Aunque el tiempo pasa y el conocimiento de los otros avanza, tengo la total certeza de que la sapiencia mutua es brutalmente sesgada y que si, se trata de un individuo clasificado fuera de la normalidad marcial, esta sabiduría pierde peso material en proporción a un conocimiento inmensurable y complejo y a la vez más real, aunque no visible.
Dentro de la visibilidad humana algunos no van más allá de lo percibido con los ojos del cuerpo y ni tan siquiera llegan a percibir un mísero deseo en cuerpo propio -he ahí una auténtica piedra de toque para el pequeño gran psicópata, ése escurridizo individuo que se quedó con pata y sin sique, seguramente para evitar disgustos, para no reconocer en la vida más que los caminos hedonistas, perdiéndose sin ni tan siquiera ser consciente y riéndose con menosprecio que todo aquel que transita por otros caminos más austeros.

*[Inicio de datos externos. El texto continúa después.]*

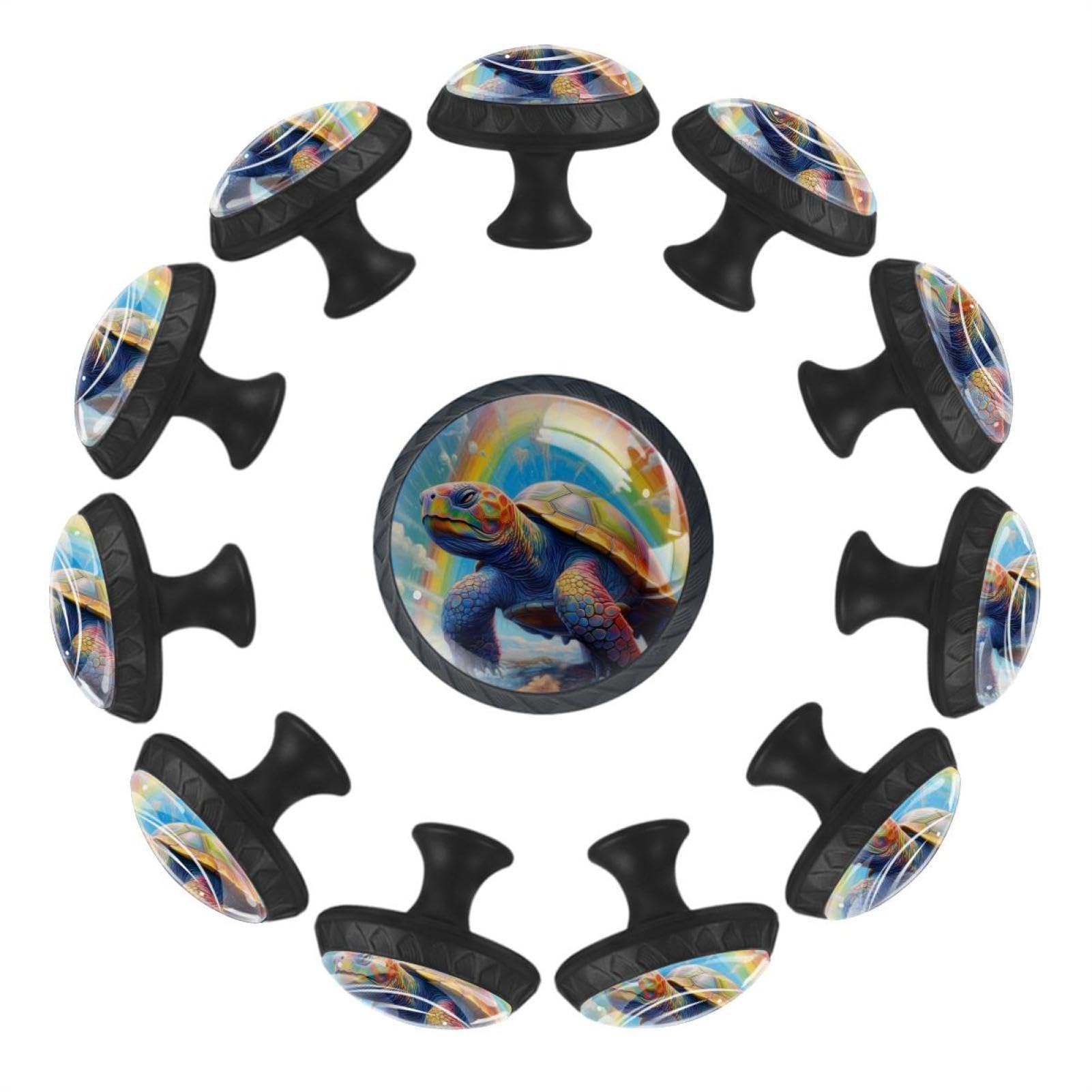 Boutons en verre transparent durable motif tortue arc-en-ciel pour armoire de cuisine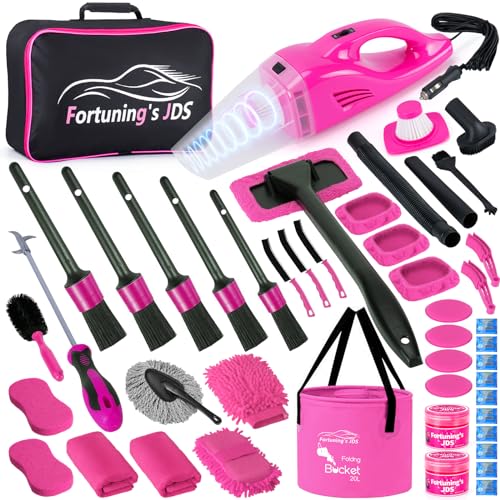Kit de limpieza de interiores de automóvil de 47 piezas, sum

Después todo, la totalidad del todo no son más que meras opiniones, más o menos refrendadas pero no por ello menos ciertas. La verdad más cierta es la que habita dentro de nosotros, esa que generalmente no acostumbramos a compartir, esa que guardamos como el más preciado de los tesoros o quizá como el más capital de los pecados, esa que no sale de nuestra boca, generalmente distinta a la percepción que los ajenos tienen de nosotros.
Nadie sabe lo que sabe el otro, nadie, ni tan siquiera uno mismo. Cualquier partícula queda siempre contaminada, nunca es la misma, nunca se ve igual.
Algunos viven inmersos en el estímulo metálico y picante del clavel escondidos tras los perfumes que transpiran, como hijos perfectos de su lugar de procedencia, aunque en ocasiones, ni ellos mismos lo saben.
Nadie sabe quienes somos, que sentimos, lo que sabemos, lo que podemos llegar a pensar o soñar. Nadie, solo tu.